Treatment of Hyperammonemia in the ICU
Prompt identification and treatment of hyperammonemia are imperative to optimize outcomes and avoid irreversible brain damage in ICU patients. 1 The management approach depends on ammonia levels, clinical presentation, and available resources.
Initial Medical Management
Immediate Stabilization
- Secure airway, breathing, and circulation
- Establish intravenous access
- Monitor vital signs
- Check blood glucose levels
- Provide adequate rehydration with dextrose-containing fluids at high infusion rates
- Obtain accurate ammonia measurement on free-flowing venous or arterial blood sample collected in lithium heparin or EDTA tube, transported on ice, processed within 15 minutes 1
Non-Kidney Replacement Therapy (NKRT)
For ammonia levels >150 μmol/L (255 μg/dL):
Stop protein intake temporarily
Provide caloric support:
- IV glucose: 8-10 mg/kg/min
- IV lipids: 0.5 g/kg daily, up to 3 g/kg daily
- Total caloric intake: ≥100 kcal/kg daily 1
Administer nitrogen-scavenging agents:
IV sodium benzoate and sodium phenylacetate:
IV L-arginine hydrochloride (dose depends on specific deficiency)
IV L-carnitine: 50 mg/kg loading dose over 90 minutes, then 100-300 mg/kg daily (for organic acidemias) 1
Monitor ammonia levels every 3 hours 1
Reintroduce protein within 48 hours after ammonia levels decrease to 80-100 μmol/L (136-170 μg/dL) to prevent catabolism 1
Kidney Replacement Therapy (KRT)
Indications for KRT
KRT should be initiated when:
- Rapidly deteriorating neurological status, coma, or cerebral edema with ammonia >150 μmol/L (256 μg/dL)
- Moderate or severe encephalopathy
- Persistently high ammonia levels >400 μmol/L (681 μg/dL) refractory to NKRT
- Rapid rise in ammonia to >300 μmol/L (511 μg/dL) within hours that cannot be controlled with NKRT 1
- Ammonia levels fail to fall below 150 μmol/L or by more than 40% within 4-8 hours of receiving nitrogen-scavenging therapy 2
Preferred KRT Modalities
Continuous Kidney Replacement Therapy (CKRT)
- First-line treatment: High-dose continuous venovenous hemodialysis (CVVHD) 1
- Blood flow rate (Qb): 30-50 ml/min
- Dialysis fluid flow rate (Qd)/Qb >1.5
- Warming the dialysate helps maintain hemodynamic stability
- For ammonia >1,000 μmol/L (1,703 μg/dL), use high-dose CKRT 1
- CVVHD provides greater ammonia clearance than CVVH 1, 3
Plasma Exchange
- For acute liver failure patients with hyperammonemia (ammonia >150 μmol/L) 1
Peritoneal Dialysis (PD)
- Only if CKRT and HD are unavailable
- Less efficient than other modalities
- Not recommended with rigid peritoneal catheters due to increased complications 1
Step-down approach:
- Transition to lower-intensity CKRT when ammonia <200 μmol/L (341 μg/dL) on at least two hourly measurements 1
Monitoring During Treatment
- Plasma ammonia levels (every 3 hours)
- Glutamine and quantitative plasma amino acids
- Blood glucose
- Electrolytes
- Venous or arterial blood gases
- AST and ALT
- Neurological status and Glasgow Coma Scale
- Signs of cerebral edema 2
Prognostic Factors
Poor prognostic factors include:
- Hyperammonemic coma lasting >3 days
- Increased intracranial pressure
- Plasma ammonia >1,000 μmol/L (1,703 μg/dL) 1
Common Pitfalls and Caveats
Delayed recognition and treatment can lead to irreversible neurological damage. Any unexplained change in consciousness should prompt ammonia level testing.
Inadequate caloric support can worsen hyperammonemia through catabolism.
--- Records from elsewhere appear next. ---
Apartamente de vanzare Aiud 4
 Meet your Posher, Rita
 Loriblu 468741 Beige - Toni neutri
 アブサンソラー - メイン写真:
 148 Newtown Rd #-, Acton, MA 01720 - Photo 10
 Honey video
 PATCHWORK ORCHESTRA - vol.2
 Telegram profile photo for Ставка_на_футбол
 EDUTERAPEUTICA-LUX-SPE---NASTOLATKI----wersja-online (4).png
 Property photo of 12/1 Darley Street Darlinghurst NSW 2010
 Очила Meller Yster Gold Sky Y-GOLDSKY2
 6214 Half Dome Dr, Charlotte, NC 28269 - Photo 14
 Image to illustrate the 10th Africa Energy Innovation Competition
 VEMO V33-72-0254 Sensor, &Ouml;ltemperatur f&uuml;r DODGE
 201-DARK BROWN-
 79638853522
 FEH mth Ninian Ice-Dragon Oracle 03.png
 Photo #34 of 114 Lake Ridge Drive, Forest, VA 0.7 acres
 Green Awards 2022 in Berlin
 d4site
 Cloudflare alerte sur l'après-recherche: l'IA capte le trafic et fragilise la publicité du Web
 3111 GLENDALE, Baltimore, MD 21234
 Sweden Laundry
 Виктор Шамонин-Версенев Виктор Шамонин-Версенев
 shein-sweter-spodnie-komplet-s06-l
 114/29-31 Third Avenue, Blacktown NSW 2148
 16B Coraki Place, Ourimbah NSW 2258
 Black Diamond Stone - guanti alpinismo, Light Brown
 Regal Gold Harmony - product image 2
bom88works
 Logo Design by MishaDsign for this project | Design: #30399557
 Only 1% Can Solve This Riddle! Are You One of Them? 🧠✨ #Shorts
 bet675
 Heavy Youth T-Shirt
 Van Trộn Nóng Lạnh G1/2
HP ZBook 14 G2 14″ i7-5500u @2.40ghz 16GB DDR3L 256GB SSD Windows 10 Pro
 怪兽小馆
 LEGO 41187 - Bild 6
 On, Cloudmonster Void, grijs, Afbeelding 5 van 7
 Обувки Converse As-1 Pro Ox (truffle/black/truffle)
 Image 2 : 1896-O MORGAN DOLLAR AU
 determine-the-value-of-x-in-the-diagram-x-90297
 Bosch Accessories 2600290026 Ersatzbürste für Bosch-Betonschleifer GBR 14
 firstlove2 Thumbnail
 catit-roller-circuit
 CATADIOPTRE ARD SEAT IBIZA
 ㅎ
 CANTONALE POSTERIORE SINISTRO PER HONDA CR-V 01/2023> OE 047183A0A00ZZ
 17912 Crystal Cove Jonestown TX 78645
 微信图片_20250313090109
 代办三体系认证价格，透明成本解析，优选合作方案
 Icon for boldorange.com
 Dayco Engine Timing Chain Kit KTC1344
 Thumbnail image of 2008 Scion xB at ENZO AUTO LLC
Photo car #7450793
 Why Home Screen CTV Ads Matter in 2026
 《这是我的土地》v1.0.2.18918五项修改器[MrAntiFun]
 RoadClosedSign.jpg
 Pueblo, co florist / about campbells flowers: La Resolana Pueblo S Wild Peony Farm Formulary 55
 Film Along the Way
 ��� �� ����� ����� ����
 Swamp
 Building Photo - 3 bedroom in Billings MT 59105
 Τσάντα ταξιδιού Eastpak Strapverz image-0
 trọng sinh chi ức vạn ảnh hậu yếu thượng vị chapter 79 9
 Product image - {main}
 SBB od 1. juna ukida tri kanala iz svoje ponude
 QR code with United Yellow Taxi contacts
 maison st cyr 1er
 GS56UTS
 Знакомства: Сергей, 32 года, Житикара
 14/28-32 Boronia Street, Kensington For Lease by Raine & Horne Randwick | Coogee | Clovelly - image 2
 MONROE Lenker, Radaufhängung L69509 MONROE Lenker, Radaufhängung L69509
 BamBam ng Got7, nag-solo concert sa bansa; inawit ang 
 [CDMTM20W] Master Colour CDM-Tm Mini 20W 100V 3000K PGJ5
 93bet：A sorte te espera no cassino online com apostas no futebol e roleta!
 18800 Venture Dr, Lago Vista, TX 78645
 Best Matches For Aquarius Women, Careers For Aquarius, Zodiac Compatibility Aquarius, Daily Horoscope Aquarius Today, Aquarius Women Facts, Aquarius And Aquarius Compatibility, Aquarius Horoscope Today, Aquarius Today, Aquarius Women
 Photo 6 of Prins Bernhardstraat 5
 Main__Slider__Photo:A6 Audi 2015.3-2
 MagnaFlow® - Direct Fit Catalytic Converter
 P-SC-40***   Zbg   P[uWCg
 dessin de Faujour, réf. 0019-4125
Failure to reintroduce protein within 48 hours can lead to catabolism and worsen hyperammonemia.
Relying solely on NKRT when ammonia levels are very high (>400 μmol/L) or when there is neurological deterioration.
Inappropriate KRT modality selection - CVVHD provides better ammonia clearance than CVVH or peritoneal dialysis 1, 3.
Inaccurate ammonia measurement - samples must be properly collected, transported on ice, and processed within 15 minutes 1.
Failure to monitor for rebound hyperammonemia after discontinuation of KRT.